Dans un journal intime aux allures de roman choral, Celia Levi évoque les turpitudes administratives d’un artiste sans statut fixe.

Intermittences

Découpé en quatre chapitres comme autant de saisons, Intermittences invite le lecteur à suivre le marathon d’un jeune artiste en quête d’une reconnaissance synonyme d’ouverture de droits – et donc de temps alloué à la création. Chaque saison apportera son lot d’illusions et de déceptions. Des rôles de figurant au cachet mal payé jusqu’aux travaux de maçonnerie pour combler les fins de mois difficiles, il n’y a qu’un pas.
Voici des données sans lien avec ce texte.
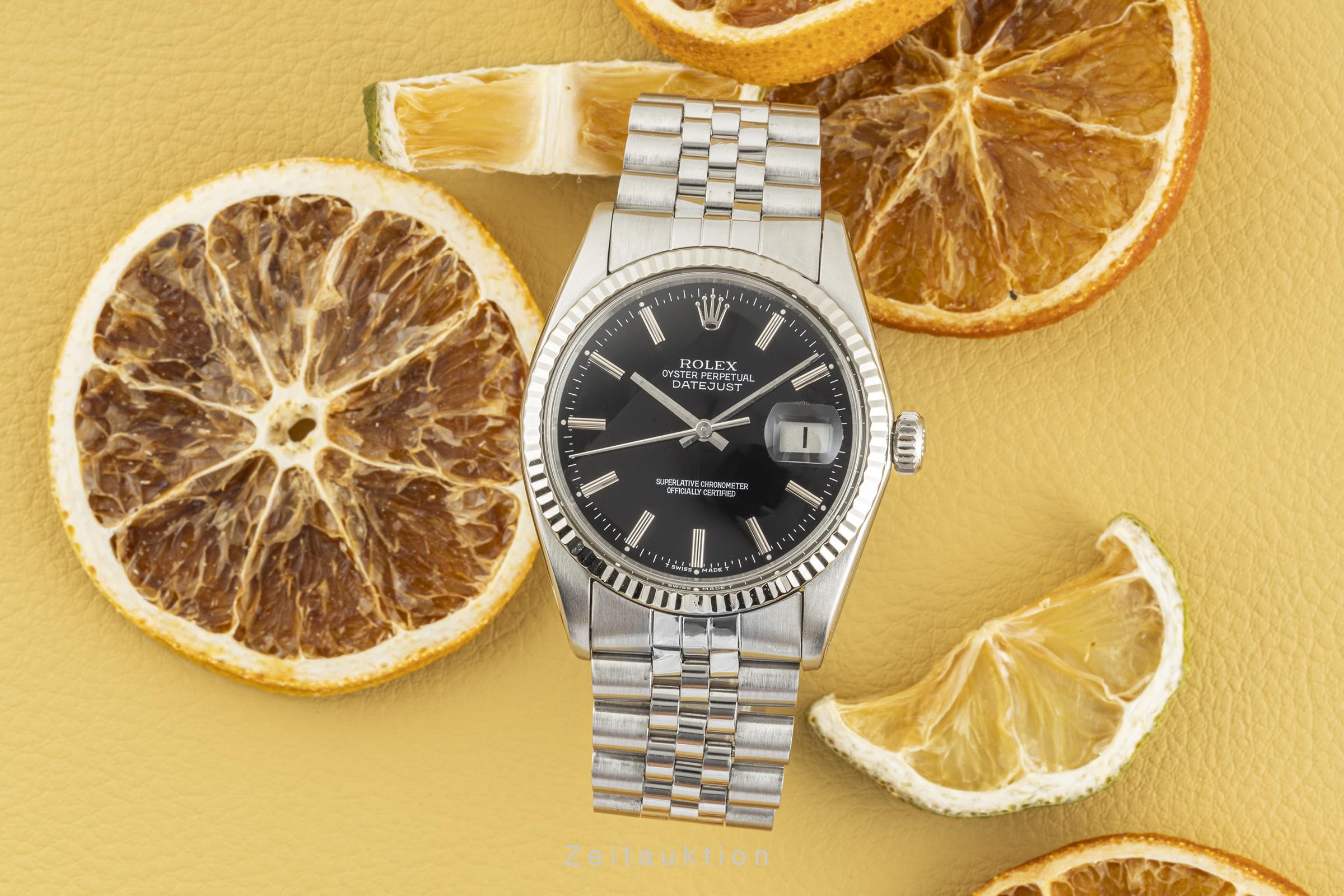 Rolex Datejust Stahl / Weissgold Automatik Kal. 3035 Ref. 16014  | Zeitauktion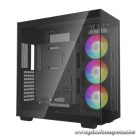 DeepCool Számítógépház - CH780 (fekete, ablakos, 3x140mm ventilátor, Mini-ITX / Mico-ATX / ATX / E-ATX, 4xUSB3.0)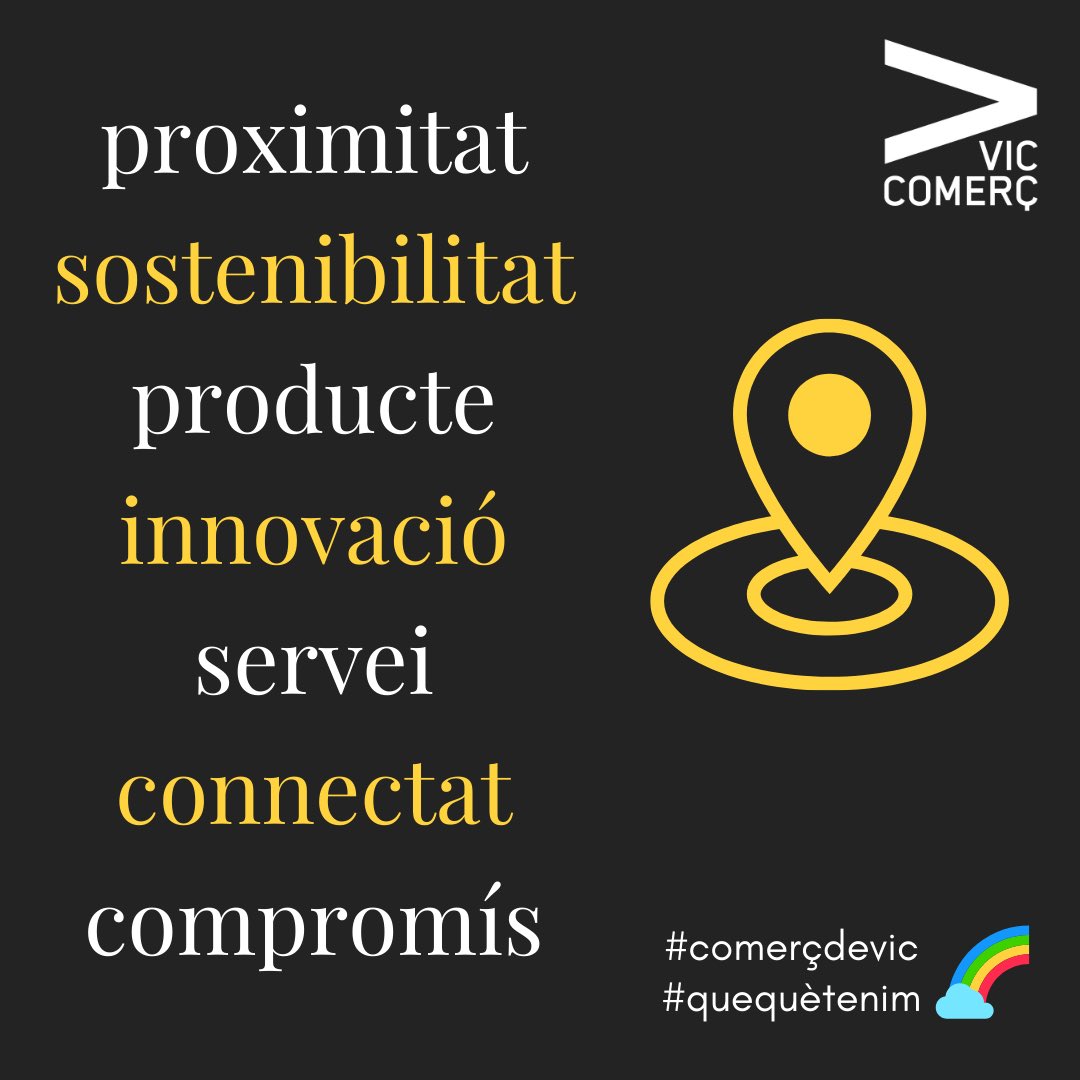 viccomerc's tweet photo. Recorda que el nostre comerç és tot això👇Comprant-nos ens ajudaràs, sí, però ho faràs perquè t’oferim molt més. #ambelcapaixecat #orgulldecomerç #quequètenim #vic https://t.co/lkZDgr68Zm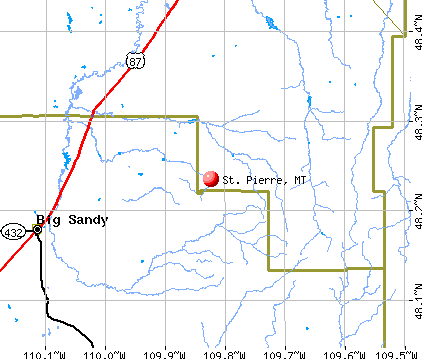 St. Pierre, MT map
Le narrateur finira par le franchir, dans l’espoir du précieux sésame. L’intermittence prend peu à peu la forme d’une obsession, sorte de Graal moderne pour un artiste qui en fait progressivement son moulin moderne lui permettant de réaliser son « grand œuvre ».
Avec réalisme, Celia Levi (auteur des Insoumises, Tristram, 2009), dénude les fils d’un système bâti sur la soumission des plus démunis. Il en va ainsi, dès l’ouverture du livre, pour ces figurants condamnés à accepter les miettes des acteurs : « il y a une hiérarchie. Nous ne mangeons pas avec les acteurs, et surtout nous ne mangeons pas la même chose. Ils mangent des plats raffinés sous une tente qu’on appelle “Barnum”, nous mangeons des plats froids, comme de la salade de surimi qui baigne dans de la mayonnaise de dernière qualité. » C’est justement l’envers d’un décor en carton-pâte que nous donne à voir la romancière. La satire touche alors le monde de l’art de plein fouet, dont on pointe l’iniquité structurelle et l’autosuffisance jargonneuse : « Sur le plateau, ils ne parlent que de films, enfin, ils parlent surtout des acteurs. Ils citent des noms comme s’ils tiraient à la mitraillette. Je ne connais aucun des comédiens dont ils parlent. C’est drôle, ils ne parlent jamais du film en général. C’est un peu comme si pour analyser un tableau, on ne parlait que de la couleur sans mentionner la composition ou le trait. » Ailleurs, il s’agit de pointer du doigt l’impossibilité d’avoir des revendications sociales, sous peine d’être remercié et de voir encore un peu plus s’envoler le très convoité statut. À moins d’être acteur ou, comme l’improbable Pauline – la compagne du narrateur – de vivre aux crochets de parents à l’assise financière conséquente. Ce dernier personnage « pourrait ne pas travailler », comme le précise le narrateur. Mais elle fait ça par jeu, avant d’arrêter pour une nouvelle lubie de la même façon qu’elle mit fin à une carrière prometteuse de pianiste classique pour la flûte à bec, « après avoir écouté l’album Spirits de Keith Jarrett ».
Le roman est ainsi peuplé de personnages truculents, loufoques parfois, mais toujours attachants car incarnant un certain onirisme. On pourrait à ce titre renvoyer aux amis marginaux de Pauline. Une bande haute en couleur vivant dans le salpêtre, où cohabitent un géant, un dresseur de rats et un borgne africain. De joyeux freaks chez qui il reste une place pour Noël, lors de festivités déridées où le protocole n’a plus lieu d’être. Mais le poids du réel est trop important, et le narrateur semble peu à peu trouver une échappatoire dans des visions, des hallucinations qui se font de plus violentes à mesure que la fracture sociale se creuse. L’intrusion progressive du fantastique permet ainsi de dissoudre les différentes strates d’objectivité et de diluer la solitude moderne, à l’image de la mère du narrateur, noyée par les images projetées inlassablement par le téléviseur. Et l’art de gagner en humanité, quand la masse des procédures et autres formulaires révèle son absurdité. Le narrateur opposera alors sa délicieuse folie poétique à ce monde sans queue ni tête. Là où les autres constatent un incendie, le peintre contemple la perfection chromatique. Il cherche l’Absolu, « l’imagination, le fantasme, mais cela doit être caché derrière les orbites, dans le pli, l’interstice ». L’intermittence d’une vie prise au piège ?

Benoît Legemble

Intermittences
de Celia Levi
Tristram, 124 pages, 14

Raison sociale Par Benoît Legemble
Le Matricule des Anges n°116 , septembre 2010.